Les services que les prairies sont susceptibles de rendre à la société ne sont pas tous bien identifiés ; ils sont complexes à évaluer car dépendant du niveau d’organisation considéré (la parcelle, l’exploitation agricole, le paysage). En outre, les agriculteurs qui les fournissent n’en sont pas forcément les bénéficiaires, et ils ne sont donc pas toujours rémunérés. Enfin, certains services peuvent être contradictoires entre eux pour des raisons biophysique ou socioéconomique, ce qui nécessite des compromis. La recherche doit donc éclairer les relations entre ces services, les pratiques agricoles et les caractéristiques du milieu.

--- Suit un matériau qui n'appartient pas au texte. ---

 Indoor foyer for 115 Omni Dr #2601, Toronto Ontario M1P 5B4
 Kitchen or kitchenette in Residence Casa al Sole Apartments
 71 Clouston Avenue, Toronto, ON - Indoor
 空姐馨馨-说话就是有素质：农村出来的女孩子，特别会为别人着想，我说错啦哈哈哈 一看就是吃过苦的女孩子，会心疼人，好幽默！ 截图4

Depuis le début des années 2000, la mobilisation des concepts et méthodes de l’écologie fonctionnelle a permis des avancées majeures qui sont assez lourdes et qu’il faut donc simplifier pour une utilisation au niveau de l’exploitation agricole.

L’approche fonctionnelle permet de caractériser les plantes par des traits correspondant à des caractéristiques morpho-physiologiques (rapport feuilles/tiges, hauteur des plantes, rapport surface/masse des feuilles, teneur en matière sèche des tissus…), et/ou phénologiques (précocité de montaison et d’épiaison…) rendant compte des réponses adaptatives des plantes à leur environnement. Ainsi, la teneur en matière sèche des feuilles qui est liée à la densité des tissus lignifiés, est un indicateur de la réponse des plantes à la disponibilité des ressources N, P, et eau. Au niveau de la communauté végétale, il est alors possible de calculer la valeur du trait moyen pondéré en fonction de l’abondance relative des espèces, ainsi que sa variance qui rend compte de la diversité fonctionnelle de la communauté. Tout un ensemble de traits, liés à la gestion des ressources par les plantes, à leur aptitude à la compétition mais aussi à leur capacité de régénération, ont ainsi été mesurés dans de nombreux sites pour analyser les réponses des communautés végétales aux pratiques agricoles et aux caractéristiques du milieu, ainsi que leurs effets sur les différents processus qui aboutissent aux différents services d’intérêt agronomique et/ou environnemental qui sont attendus. Le trait moyen pondéré permet de caractériser la diversité des prairies à l’échelle de l’exploitation agricole et du paysage, et de classer les prairies en termes de services comme la production de fourrage ou le stockage de carbone, alors que la distribution du trait en intra communauté peut être reliée à la souplesse d’utilisation de la prairie. .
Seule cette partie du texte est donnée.